The lines to return are those from the line holding "Urban background. Sunset" through the last line of the entries below, both included, written exactly and without pictures.

::::

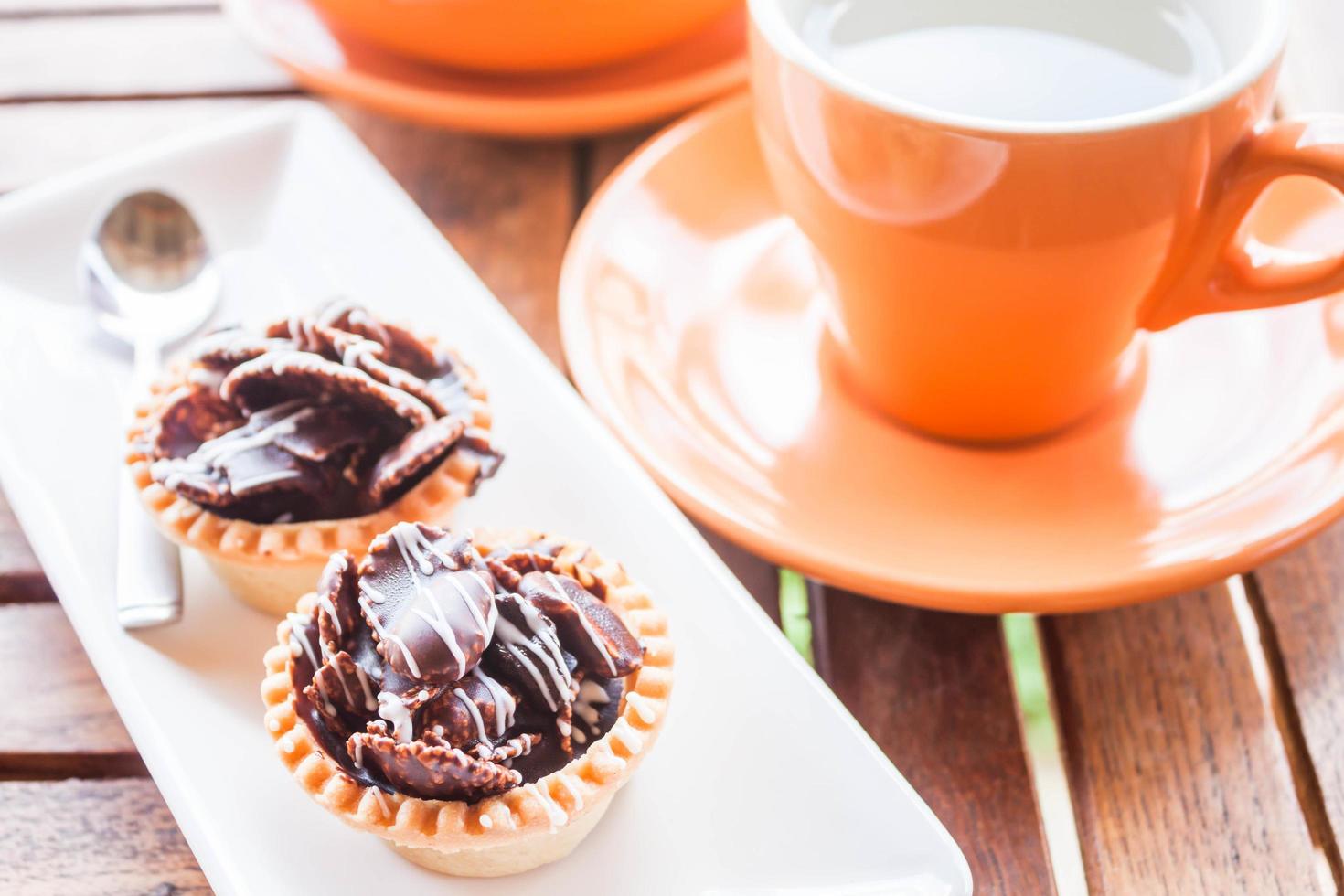 chocolade cupcakes en een oranje mok foto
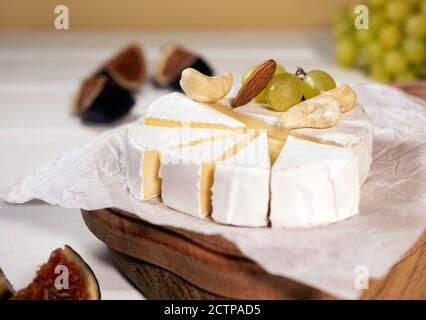 Fromage Camembert sur bois, branche de raisin vert, tranche de figues et noix. Banque D'Images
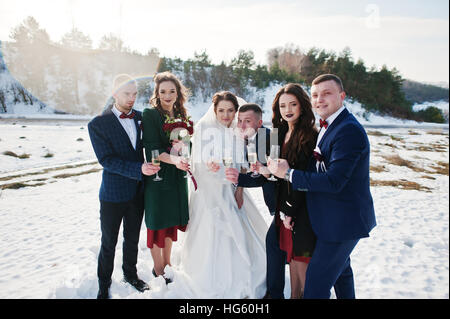Trauzeuge mit Brautjungfern und Brautpaar trinken Champagner auf Frost-Winter-Hochzeit. Stockfoto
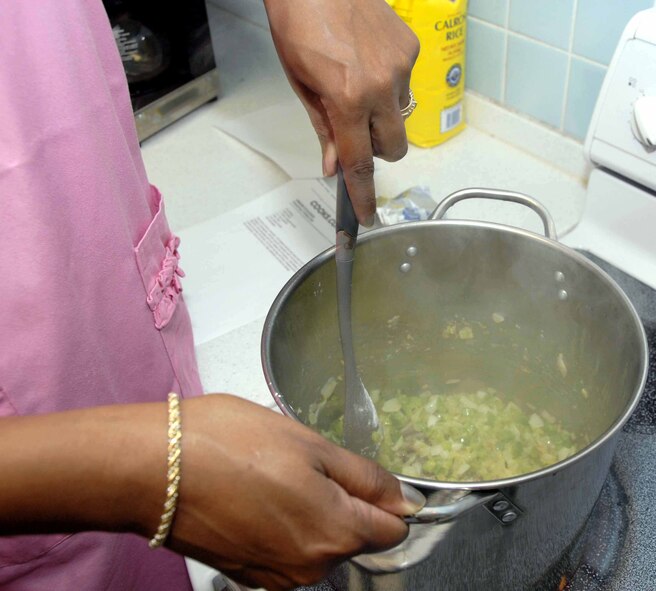 OSAN AIR BASE, Republic of Korea -- Master Sgt. Tonya Boone, 51st Operations Support Squadron senior watch supervisor, stirs onions and bell peppers during the Cajun cooking class held July 1 at the Airman and Family Readiness Center. The vegetables, along with celery, are considered Cajun cuisine’s holy trinity by many renowned chefs. (U.S. Air Force photo/Staff Sgt Lakisha Croley)
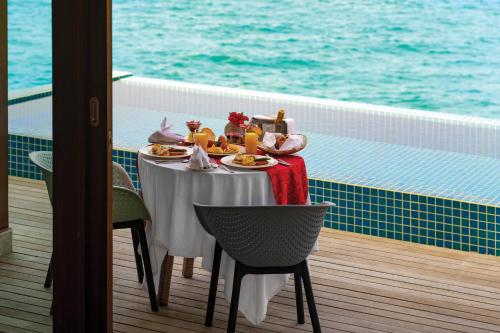 a table with food and drinks on a cruise ship at Atmosphere Kanifushi - Premium All Inclusive with Free Transfers in Lhaviyani Atoll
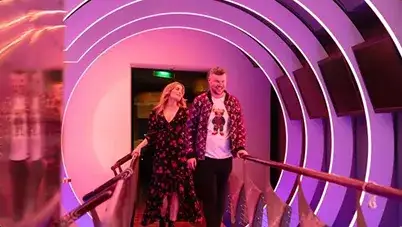 Two people walk down the neon-lit tunnel of the Celestyal Discovery’s AFTer Disco Bar &amp; Lounge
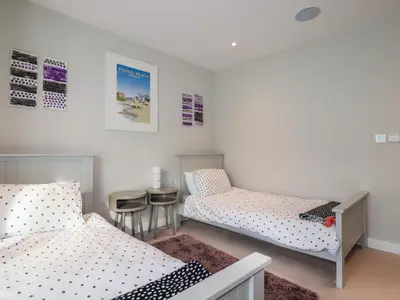 a room with two beds and a table and chairs at Fistral Tide in Newquay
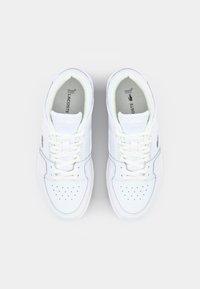 Białe skórzane sneakersy z perforowanym czubkiem, płaskimi białymi sznurowadłami i zielonym logo krokodyla z boku, posiadające wyściełaną wkładkę.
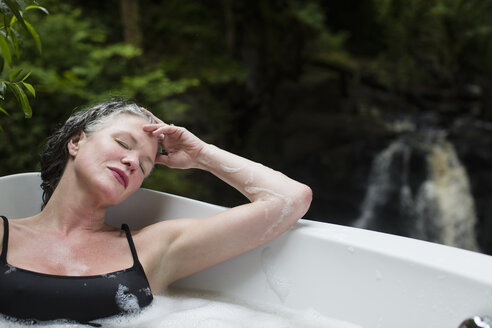 Reife Frau mit geschlossenen Augen im Schaumbad vor einem Wasserfall im Öko-Retreat - CUF32666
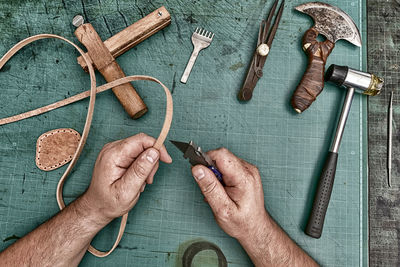 Cropped hands of man working at workshop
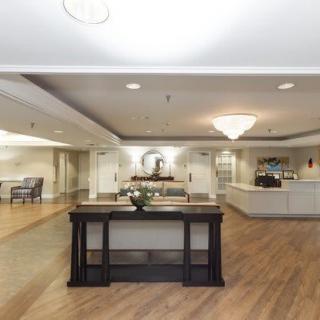 A modern and spacious lobby with a reception desk and stylish decor.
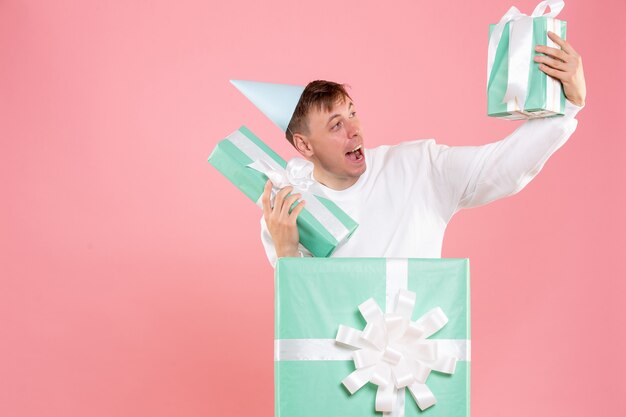 Front view young male inside present holding other presents on pink background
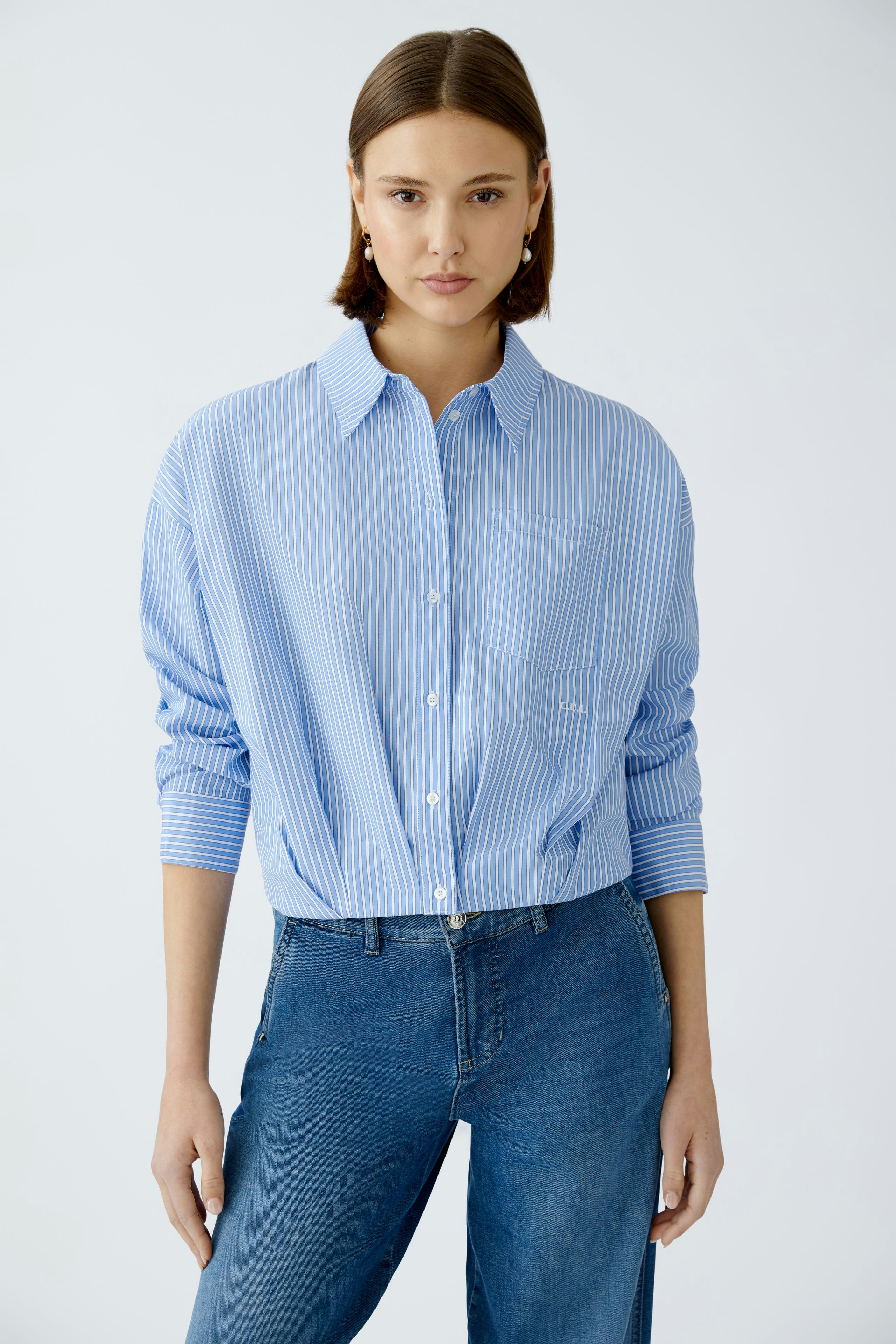 Moderne Damen-Bluse: Frau in blauer gestreifter Bluse mit lässigem Schnitt und Knopfleiste.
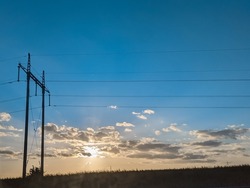 Urban background. Sunset blue sky. Electric generators transmissions watt tower.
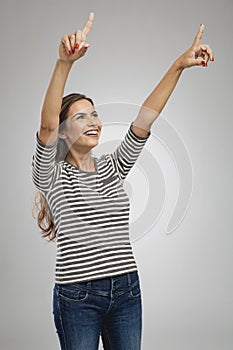 Happy woman raised hands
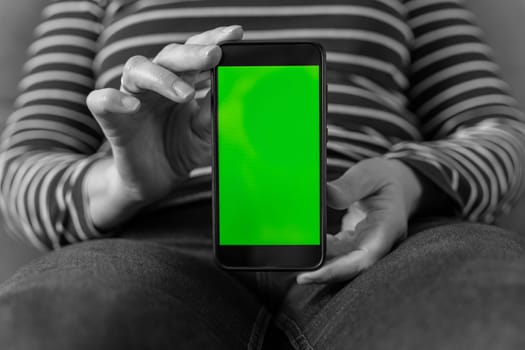 black and white image of unrecognizable woman holding and showing black mobile phone with blank screen mockup. green blank smartphone screen. space for advertising and copying. vertical phone arrangement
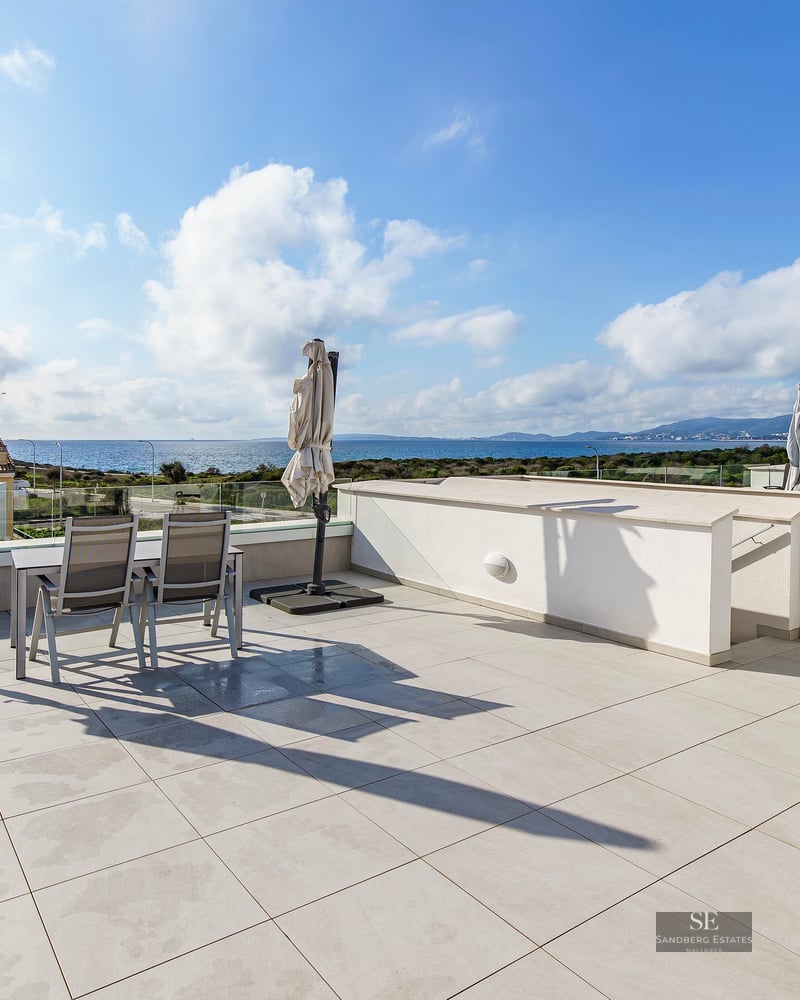 A large modern rooftop terrace with white tiles, glass railings, and a dining set overlooking the blue Mediterranean sea.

::::

- Response to this exercise:
 Urban background. Sunset blue sky. Electric generators transmissions watt tower.
 Happy woman raised hands
 black and white image of unrecognizable woman holding and showing black mobile phone with blank screen mockup. green blank smartphone screen. space for advertising and copying. vertical phone arrangement
 A large modern rooftop terrace with white tiles, glass railings, and a dining set overlooking the blue Mediterranean sea.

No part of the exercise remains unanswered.